Swift’s organisational unit is the module — a unit of code distribution corresponding to a framework or executable target. Within a module, types and functions are file-scoped by default but visible to all files in the same module. Across modules, access control modifiers (open, public, internal, fileprivate, private) determine visibility. The conventional Swift project uses the Swift Package Manager (SPM) for module structure, with Package.swift declaring targets and dependencies. The combination — module-as-distribution-unit, the five access modifiers, file-scope-with-module-visibility, the SPM organisation — is the substance of Swift’s organisational model.

Modules

A module is a unit of code distribution — a framework, a Swift Package target, an Xcode framework, or an executable. Within a module, files share visibility (subject to access control); across modules, only public and open symbols are visible.

import Foundation                                  // import a system module
import MyLibrary                                   // import a third-party module
import struct MyLibrary.Person                     // import a specific symbol
import class MyLibrary.Network.Client              // import nested symbol

The conventional contemporary discipline:

  • One module per Swift Package target.
  • Cross-module imports via import.
  • Within a module — no import needed for code in the same target.

Access control

Five modifiers, from most to least permissive:

open class Foo { }                                 // outside-module subclassing/override admitted
public class Foo { }                               // outside-module access only
internal class Foo { }                             // module-only (default)
fileprivate class Foo { }                          // file-only
private class Foo { }                              // type-and-extension only
ModifierVisibility
openAnywhere; admits subclassing/override across modules
publicAnywhere; subclassing/override only within the declaring module
internalThe declaring module (default)
fileprivateThe declaring file
privateThe declaring type and its extensions in the same file
public struct API {
    public let host: String                        // visible to consumers
    internal var connection: Connection            // visible within module
    private var cache: [String: Data] = [:]        // private to API and its extensions

    public init(host: String) {
        self.host = host
        self.connection = Connection(host: host)
    }
}

The conventional discipline:

  • Default to internal — most code.
  • Use public for the module’s API.
  • Use open sparingly — only when subclassing across modules is intended.
  • Use private for implementation details.
  • Use fileprivate when multiple types in the same file need shared access.
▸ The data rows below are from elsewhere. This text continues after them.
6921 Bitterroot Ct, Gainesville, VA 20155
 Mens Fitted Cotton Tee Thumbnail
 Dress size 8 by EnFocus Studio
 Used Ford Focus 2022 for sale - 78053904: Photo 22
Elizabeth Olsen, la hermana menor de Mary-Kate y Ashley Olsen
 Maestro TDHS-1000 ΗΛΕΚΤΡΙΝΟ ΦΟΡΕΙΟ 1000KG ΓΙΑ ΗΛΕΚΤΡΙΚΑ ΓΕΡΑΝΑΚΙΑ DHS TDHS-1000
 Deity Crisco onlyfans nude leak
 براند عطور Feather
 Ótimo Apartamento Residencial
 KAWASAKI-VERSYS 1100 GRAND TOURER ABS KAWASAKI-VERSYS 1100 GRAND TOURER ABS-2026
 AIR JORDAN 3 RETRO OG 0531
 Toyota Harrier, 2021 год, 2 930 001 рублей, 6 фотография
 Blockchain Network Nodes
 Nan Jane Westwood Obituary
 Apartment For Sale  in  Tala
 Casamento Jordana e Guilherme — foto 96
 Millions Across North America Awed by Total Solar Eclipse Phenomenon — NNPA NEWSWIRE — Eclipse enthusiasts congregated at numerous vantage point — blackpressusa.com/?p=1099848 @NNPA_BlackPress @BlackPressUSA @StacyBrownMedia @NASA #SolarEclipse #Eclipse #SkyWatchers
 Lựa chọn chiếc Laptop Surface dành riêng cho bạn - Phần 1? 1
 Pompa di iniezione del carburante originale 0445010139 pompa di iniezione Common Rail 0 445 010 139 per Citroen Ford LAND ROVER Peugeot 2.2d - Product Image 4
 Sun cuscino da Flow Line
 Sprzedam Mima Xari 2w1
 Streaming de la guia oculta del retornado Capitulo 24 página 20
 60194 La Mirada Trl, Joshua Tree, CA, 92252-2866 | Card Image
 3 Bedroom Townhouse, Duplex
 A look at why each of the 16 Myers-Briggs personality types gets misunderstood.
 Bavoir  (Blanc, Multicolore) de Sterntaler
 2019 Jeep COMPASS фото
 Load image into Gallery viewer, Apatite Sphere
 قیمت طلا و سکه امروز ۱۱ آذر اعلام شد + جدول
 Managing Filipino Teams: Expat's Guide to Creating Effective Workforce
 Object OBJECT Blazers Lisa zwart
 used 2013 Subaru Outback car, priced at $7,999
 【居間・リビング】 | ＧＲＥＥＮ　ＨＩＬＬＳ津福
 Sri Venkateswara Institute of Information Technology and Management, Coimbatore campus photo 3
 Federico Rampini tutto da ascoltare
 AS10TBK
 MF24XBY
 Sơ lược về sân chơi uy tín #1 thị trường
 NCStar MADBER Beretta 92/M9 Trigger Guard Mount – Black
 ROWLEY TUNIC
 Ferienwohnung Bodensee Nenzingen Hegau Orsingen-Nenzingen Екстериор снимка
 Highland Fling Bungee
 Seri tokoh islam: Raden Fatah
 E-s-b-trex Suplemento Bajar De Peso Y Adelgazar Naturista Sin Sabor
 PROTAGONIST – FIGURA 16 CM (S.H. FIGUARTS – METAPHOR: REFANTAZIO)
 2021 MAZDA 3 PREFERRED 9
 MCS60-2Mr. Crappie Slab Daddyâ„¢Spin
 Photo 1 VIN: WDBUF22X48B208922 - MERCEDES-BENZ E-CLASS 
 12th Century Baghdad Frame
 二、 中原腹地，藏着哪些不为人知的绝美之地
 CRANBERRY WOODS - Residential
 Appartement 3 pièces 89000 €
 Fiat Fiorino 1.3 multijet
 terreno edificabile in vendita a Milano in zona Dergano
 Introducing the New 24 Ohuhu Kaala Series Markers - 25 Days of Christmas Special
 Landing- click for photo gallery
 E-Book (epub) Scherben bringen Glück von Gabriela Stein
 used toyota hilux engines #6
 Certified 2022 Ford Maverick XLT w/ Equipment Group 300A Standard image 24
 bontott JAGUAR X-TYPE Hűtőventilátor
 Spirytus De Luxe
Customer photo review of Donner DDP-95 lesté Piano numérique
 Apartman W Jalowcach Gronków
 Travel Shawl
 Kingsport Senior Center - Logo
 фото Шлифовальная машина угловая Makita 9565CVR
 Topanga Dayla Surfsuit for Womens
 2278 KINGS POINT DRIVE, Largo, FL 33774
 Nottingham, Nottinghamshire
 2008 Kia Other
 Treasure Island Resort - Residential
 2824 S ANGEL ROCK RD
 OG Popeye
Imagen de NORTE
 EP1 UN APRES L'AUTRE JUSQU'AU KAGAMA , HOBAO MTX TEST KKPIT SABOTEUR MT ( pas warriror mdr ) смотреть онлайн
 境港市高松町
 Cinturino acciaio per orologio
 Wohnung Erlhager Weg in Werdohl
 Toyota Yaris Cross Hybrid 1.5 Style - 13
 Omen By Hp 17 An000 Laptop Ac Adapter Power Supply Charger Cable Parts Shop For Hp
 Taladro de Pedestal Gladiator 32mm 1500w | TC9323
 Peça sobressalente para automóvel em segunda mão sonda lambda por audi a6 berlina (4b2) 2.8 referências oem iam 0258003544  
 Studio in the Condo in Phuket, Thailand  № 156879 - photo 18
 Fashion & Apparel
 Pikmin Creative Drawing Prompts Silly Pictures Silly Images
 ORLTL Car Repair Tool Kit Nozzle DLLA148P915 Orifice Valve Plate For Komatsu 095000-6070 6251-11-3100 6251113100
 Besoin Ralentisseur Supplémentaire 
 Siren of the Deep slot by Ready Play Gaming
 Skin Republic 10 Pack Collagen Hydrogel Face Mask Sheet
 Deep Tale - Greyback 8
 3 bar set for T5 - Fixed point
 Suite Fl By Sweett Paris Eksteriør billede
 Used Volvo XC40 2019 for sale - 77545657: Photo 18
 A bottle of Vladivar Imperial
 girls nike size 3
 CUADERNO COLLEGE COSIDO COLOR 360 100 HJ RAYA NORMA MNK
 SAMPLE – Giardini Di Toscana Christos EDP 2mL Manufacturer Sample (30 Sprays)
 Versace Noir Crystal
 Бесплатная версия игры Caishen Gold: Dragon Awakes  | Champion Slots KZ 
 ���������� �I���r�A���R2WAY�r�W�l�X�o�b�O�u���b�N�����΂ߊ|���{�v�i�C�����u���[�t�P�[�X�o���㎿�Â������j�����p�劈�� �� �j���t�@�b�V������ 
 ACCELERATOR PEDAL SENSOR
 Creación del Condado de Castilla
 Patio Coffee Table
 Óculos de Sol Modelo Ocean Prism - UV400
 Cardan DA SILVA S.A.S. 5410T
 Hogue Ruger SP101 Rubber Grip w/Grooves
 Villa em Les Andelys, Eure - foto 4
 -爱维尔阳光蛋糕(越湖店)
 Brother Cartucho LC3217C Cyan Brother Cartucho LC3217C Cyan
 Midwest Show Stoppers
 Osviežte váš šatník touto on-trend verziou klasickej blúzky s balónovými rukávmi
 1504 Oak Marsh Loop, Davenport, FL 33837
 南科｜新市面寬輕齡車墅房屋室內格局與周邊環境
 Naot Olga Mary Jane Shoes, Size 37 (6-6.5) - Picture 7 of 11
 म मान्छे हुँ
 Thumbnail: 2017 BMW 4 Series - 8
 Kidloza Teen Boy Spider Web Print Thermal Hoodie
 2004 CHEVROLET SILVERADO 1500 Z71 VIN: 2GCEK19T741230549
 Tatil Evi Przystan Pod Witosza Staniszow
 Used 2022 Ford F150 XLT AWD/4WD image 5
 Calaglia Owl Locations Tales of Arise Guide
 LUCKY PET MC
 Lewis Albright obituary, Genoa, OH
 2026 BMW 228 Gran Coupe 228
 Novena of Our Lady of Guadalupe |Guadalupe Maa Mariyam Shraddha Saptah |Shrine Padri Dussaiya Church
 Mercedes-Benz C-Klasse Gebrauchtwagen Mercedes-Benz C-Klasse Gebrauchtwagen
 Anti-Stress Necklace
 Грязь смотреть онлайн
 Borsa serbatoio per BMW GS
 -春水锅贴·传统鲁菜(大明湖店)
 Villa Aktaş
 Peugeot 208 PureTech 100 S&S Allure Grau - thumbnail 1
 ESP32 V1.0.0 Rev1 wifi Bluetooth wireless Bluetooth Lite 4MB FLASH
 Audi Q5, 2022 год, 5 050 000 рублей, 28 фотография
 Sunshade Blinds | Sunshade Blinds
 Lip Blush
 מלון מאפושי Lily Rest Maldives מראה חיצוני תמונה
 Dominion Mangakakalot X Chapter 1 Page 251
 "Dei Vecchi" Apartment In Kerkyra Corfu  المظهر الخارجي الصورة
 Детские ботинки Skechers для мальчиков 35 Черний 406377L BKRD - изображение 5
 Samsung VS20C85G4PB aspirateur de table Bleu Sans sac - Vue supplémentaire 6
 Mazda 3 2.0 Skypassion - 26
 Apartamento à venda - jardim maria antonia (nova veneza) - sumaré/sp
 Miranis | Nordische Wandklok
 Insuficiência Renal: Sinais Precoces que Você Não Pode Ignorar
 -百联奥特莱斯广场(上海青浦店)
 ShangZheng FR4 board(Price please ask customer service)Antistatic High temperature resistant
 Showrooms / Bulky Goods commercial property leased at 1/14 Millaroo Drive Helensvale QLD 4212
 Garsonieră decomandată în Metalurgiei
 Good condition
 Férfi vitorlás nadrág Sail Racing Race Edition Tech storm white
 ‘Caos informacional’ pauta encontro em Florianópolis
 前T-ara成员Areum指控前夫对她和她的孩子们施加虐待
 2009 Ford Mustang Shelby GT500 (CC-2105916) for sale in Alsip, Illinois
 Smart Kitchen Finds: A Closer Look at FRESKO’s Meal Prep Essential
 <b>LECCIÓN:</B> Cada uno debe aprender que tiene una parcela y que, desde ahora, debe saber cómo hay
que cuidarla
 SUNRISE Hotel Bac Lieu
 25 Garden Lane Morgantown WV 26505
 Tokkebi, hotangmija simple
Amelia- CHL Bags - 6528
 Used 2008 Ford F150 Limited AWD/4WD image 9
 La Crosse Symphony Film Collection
File scope vs module scope

Within a module, files share visibility (modulo private/fileprivate):

// File: User.swift
struct User {
    let name: String
}

// File: Service.swift
struct Service {
    func process(user: User) {                     // OK; same module
        // ...
    }
}

No import is needed for code in the same module.

For cross-file private, use fileprivate:

// File: Helpers.swift
fileprivate func helper() { }                      // visible only in Helpers.swift
private func reallyPrivate() { }                   // (in this file, equivalent to fileprivate)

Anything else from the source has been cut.